(MATERIAL PROVIDED begins)
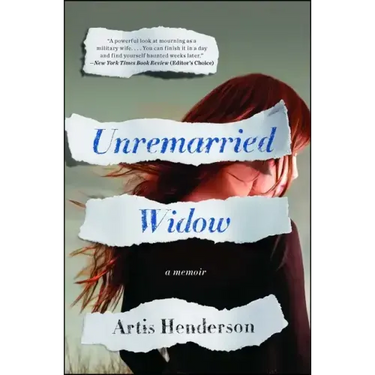 Unremarried Widow: A Memoir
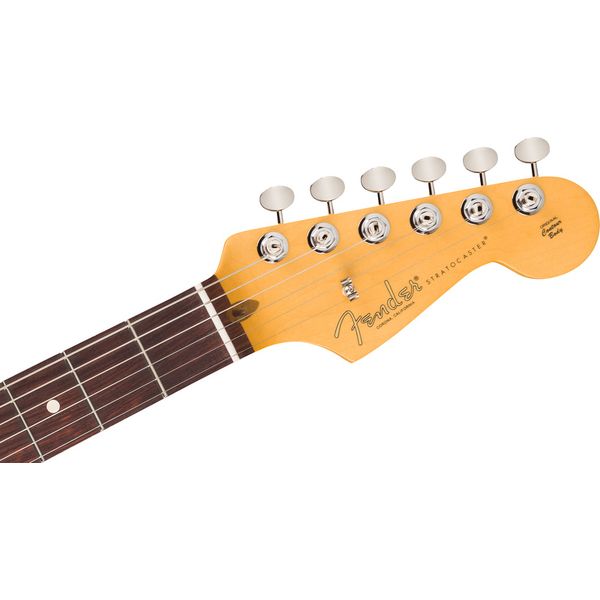 Fender Am Pro Clsc Strat RW FDKR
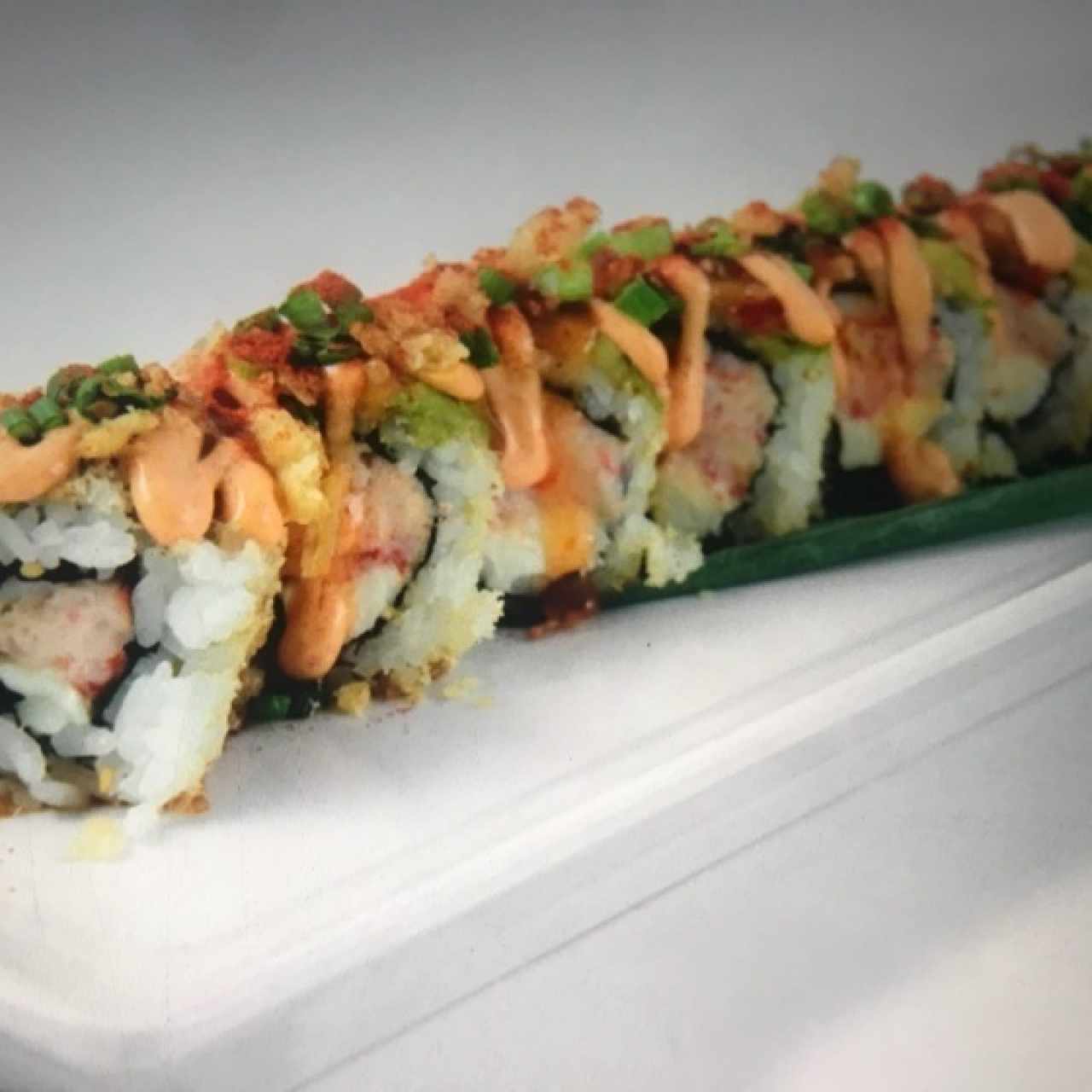 sushi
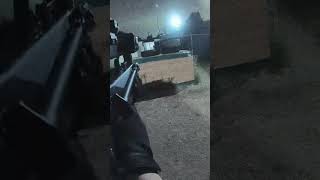 FAMAS F1 GBB in Night famas airsoft GBBR northeast [upl. by Afital643]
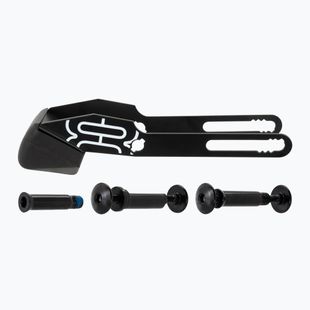 Inline skates brake FR Skates Brake For 4 Wheel X3R/Neo Frames (4x70 mm - 4x90 mm) black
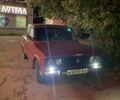Червоний ВАЗ 2106, об'ємом двигуна 1.3 л та пробігом 99 тис. км за 632 $, фото 12 на Automoto.ua
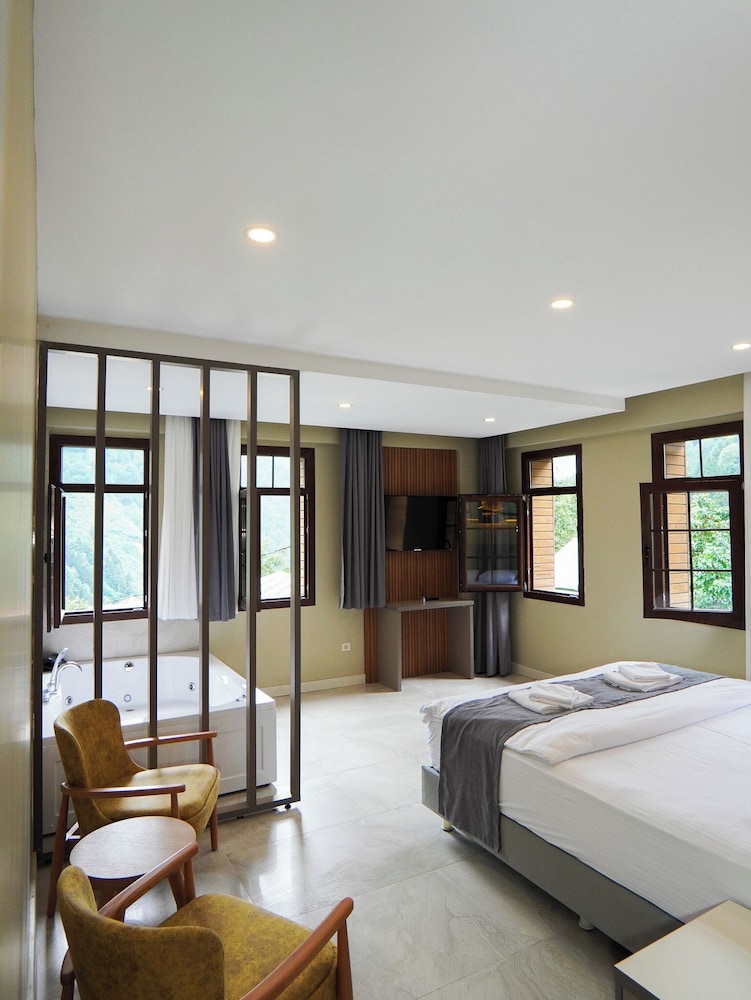 Comfort Room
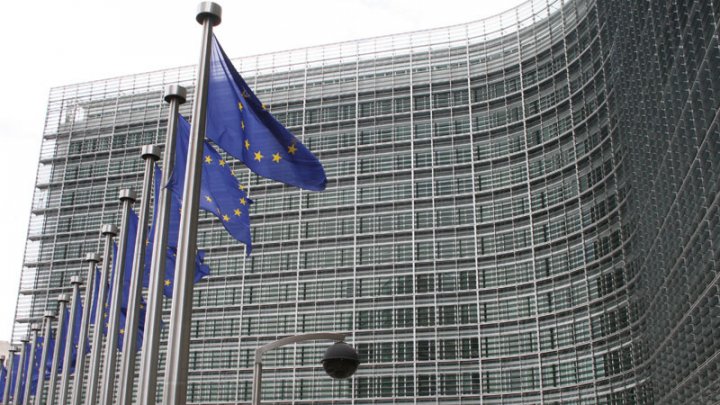 Comisia Europeană a solicitat finalizarea reformei Frontex înaintea alegerilor europene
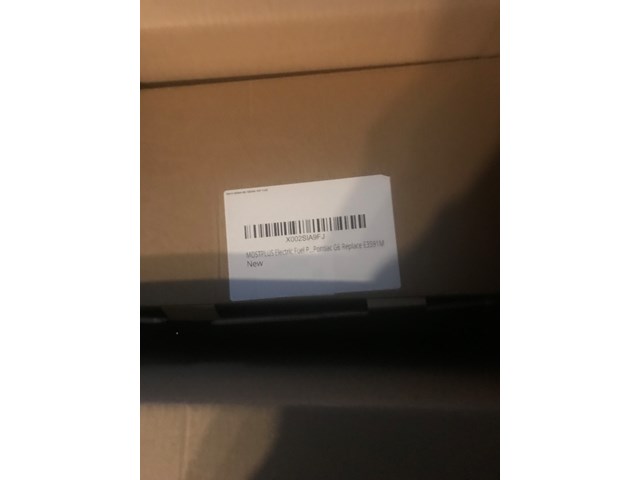 2008 Saturn Aura Fuel Pump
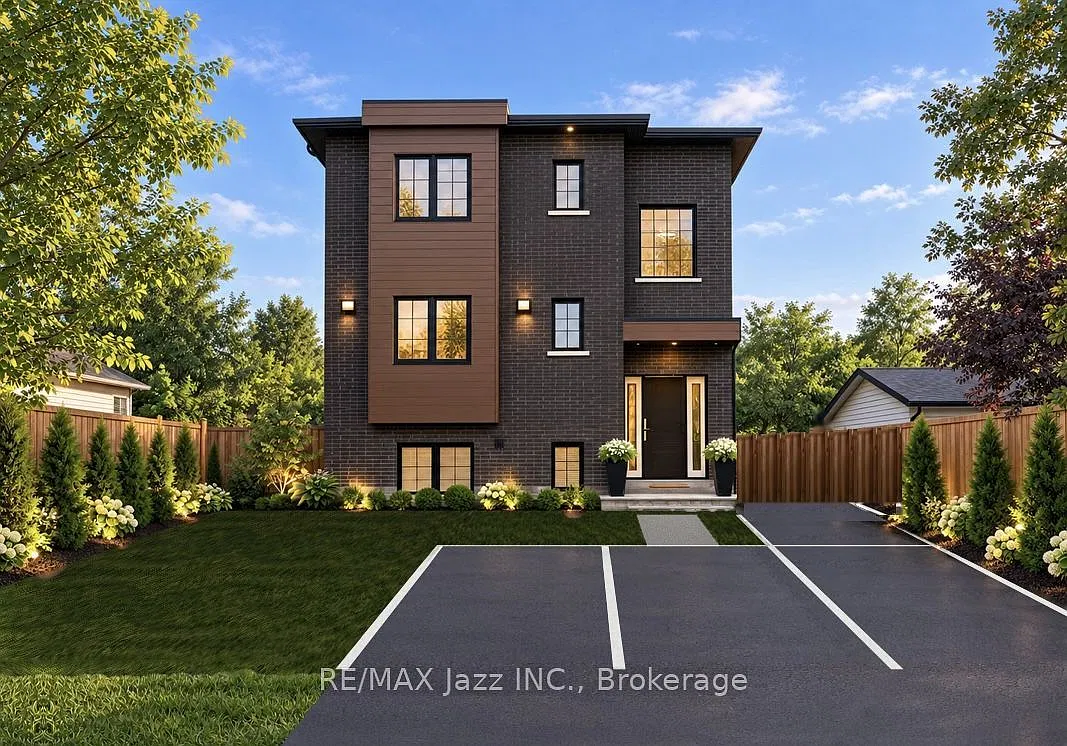 2 bed, $2,750 — Photo 1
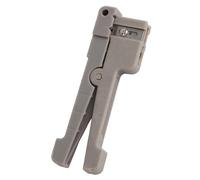 Yinhing Ideal Catalog 45-163 45-163 45163 Idea Fiber Optic Cable Stripper 162/ Coaxial Cable Stripping Tool Fiber Jacket Stripper Professional Grade for Technicians (-162)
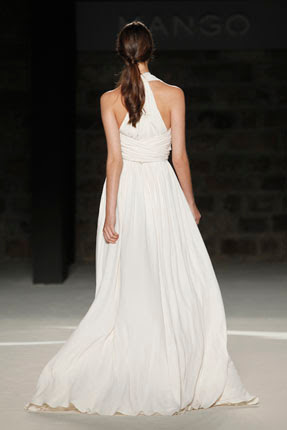 Mango coleccion Primavera Verano 2012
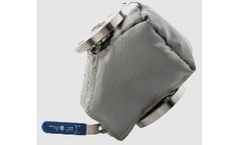 Model I-SVT 15/20 and I-SVT 25 - Steam Trap Insulation Jacket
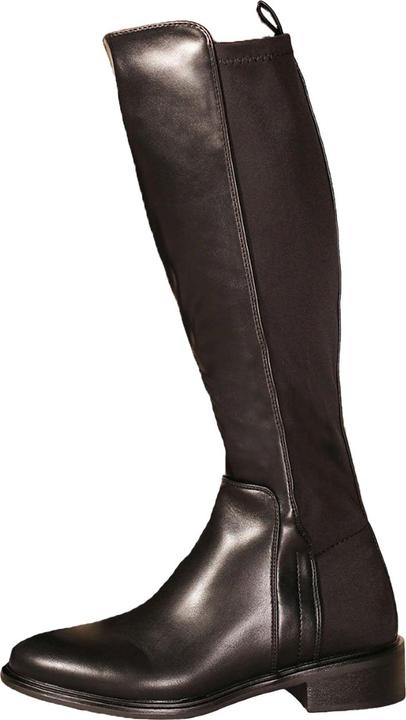Produktbild Where's That From Kniehohe Stiefel Parker PU (41)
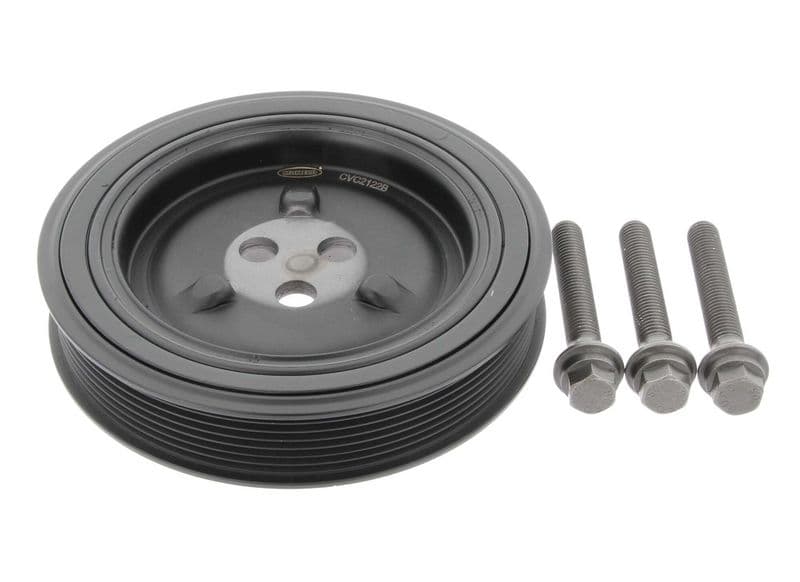 Set fulie, arbore cotit CORTECO 80004875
(MATERIAL PROVIDED ends)
WORK TO BE COMPLETED:
None of the pictures should be carried over when the data above is transcribed exactly.

REPLY:
 Unremarried Widow: A Memoir
 Fender Am Pro Clsc Strat RW FDKR
 sushi
 FAMAS F1 GBB in Night famas airsoft GBBR northeast [upl. by Afital643]
 Inline skates brake FR Skates Brake For 4 Wheel X3R/Neo Frames (4x70 mm - 4x90 mm) black
Червоний ВАЗ 2106, об'ємом двигуна 1.3 л та пробігом 99 тис. км за 632 $, фото 12 на Automoto.ua
 Comfort Room
 Comisia Europeană a solicitat finalizarea reformei Frontex înaintea alegerilor europene
 2008 Saturn Aura Fuel Pump
 2 bed, $2,750 — Photo 1
 Yinhing Ideal Catalog 45-163 45-163 45163 Idea Fiber Optic Cable Stripper 162/ Coaxial Cable Stripping Tool Fiber Jacket Stripper Professional Grade for Technicians (-162)
 Mango coleccion Primavera Verano 2012
 Model I-SVT 15/20 and I-SVT 25 - Steam Trap Insulation Jacket
Produktbild Where's That From Kniehohe Stiefel Parker PU (41)
 Set fulie, arbore cotit CORTECO 80004875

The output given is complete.